Three, including Costello, use photography—which has a long and complex relationship with printmaking—as a starting point. But unlike Andy Warhol and Robert Rauschenberg, who appropriated photomechanical imagery in the 1960s to both comment on the repetitious devaluation of the image and juxtapose high and low imagery for poetic effect, Costello uses photography as a starting point. From there, a complex and experimental process evolves—a way to meditate on the very nature of seeing and consciousness. In his series of cloud-covered views of the North Atlantic, my favorite is “Leaving London (in the Rain),” which suggests a hidden reality not seen by the eye. Fericchloride, normally used to bite etched lines into a copper plate, is employed here to rust paper; and beeswax, commonly used to repel liquid, here keeps the imagery from being eaten away. That it incidentally makes the paper transparent is a plus, because it allows abandoned images on the back to show faintly through, adding a layer of meaning.

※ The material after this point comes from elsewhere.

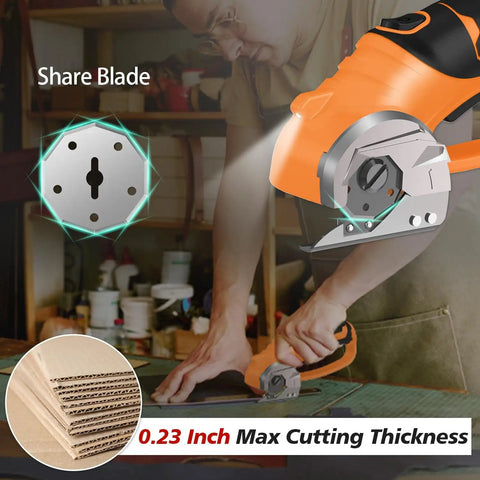 Hassle Free Cordless Electric Scissors Rechargeable Box Cutter With Led Light And Safety Lock For Fabric Leather Carpet Crafting shown in use, cutting cardboard.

On several prints, Costello added a layer of dots, not unlike the magnified screen pattern of Ben Day dots featured ironically in pop art. Costello uses the pattern as a screen, forcing the viewer to become aware of the process of seeing—to “interrupt” the seeing process and “change the focus of the viewer.” An interesting concept, but I don’t think it adds to the work’s aesthetic or visceral appeal.
Willis F. Lee and Jennifer Lynch utilize photography to call our attention to worlds usually out of sight, either below ground or too small to be noticed. Lee digs up rocks, plants and sand, then rearranges them into an invented “subterranean landscape” where what’s below the surface is as visually important as what’s above. The resulting velvety-black silhouetted images are beautiful in texture and detail. In large contact print “Subjacent X,” Lee includes reconstructed skeletons, whose bony fingers transform into flower roots.
Lynch’s sketchbook is her camera; she seeks patterns in nature, not only for their intrinsic beauty but as a way to contemplate “our relationship to nature and creation.” Her “Fractal” series is the most successful. Although her intuitive grasp of nature’s geometry, confirmed by the science of fractal geometry (microscopic geometric shapes that split into reduced-size copies of the whole) is interesting, it’s her process mimicking those natural processes that makes the work compelling. My particular favorite is “Fractal 28,” an 18-inch-square Solarplate etching on which her cutting and collaging of photographic elements are like jazz riffs on the theme of a square.
Mitchell Marti takes a totally different approach to nature—not as a source of inspiration but as an exploited natural resource; specifically, the destructive methane gas mining in the Rocky Mountain West. Eschewing the scenic and picturesque, he etches fictitious cross-sections of strata, graphs and charts, combined with lithographic and relief-printing elements, to create complex, colorful prints. The largest, with their ungainly, interlocking blocky forms and clashing colors, are deliberately unaesthetic; “ugliness” is the point. But the smaller prints have a charming sensibility, with their looping lines, pastel colors and crudely cut-out shapes. The fuzzy, delicately etched lines juxtaposed with small blocks of color in “Generalized Section I” are beautiful in spite of Marti’s efforts.
Pressing the Limits is heavy going, but the exhibit ends in a lighter spirit, in the outer gallery space. There, Costello’s monotype napkin doodles are refreshing, reminiscent of Picasso’s late drawings and Saul Steinberg’s surreal and fantastical illustrations for the New Yorker.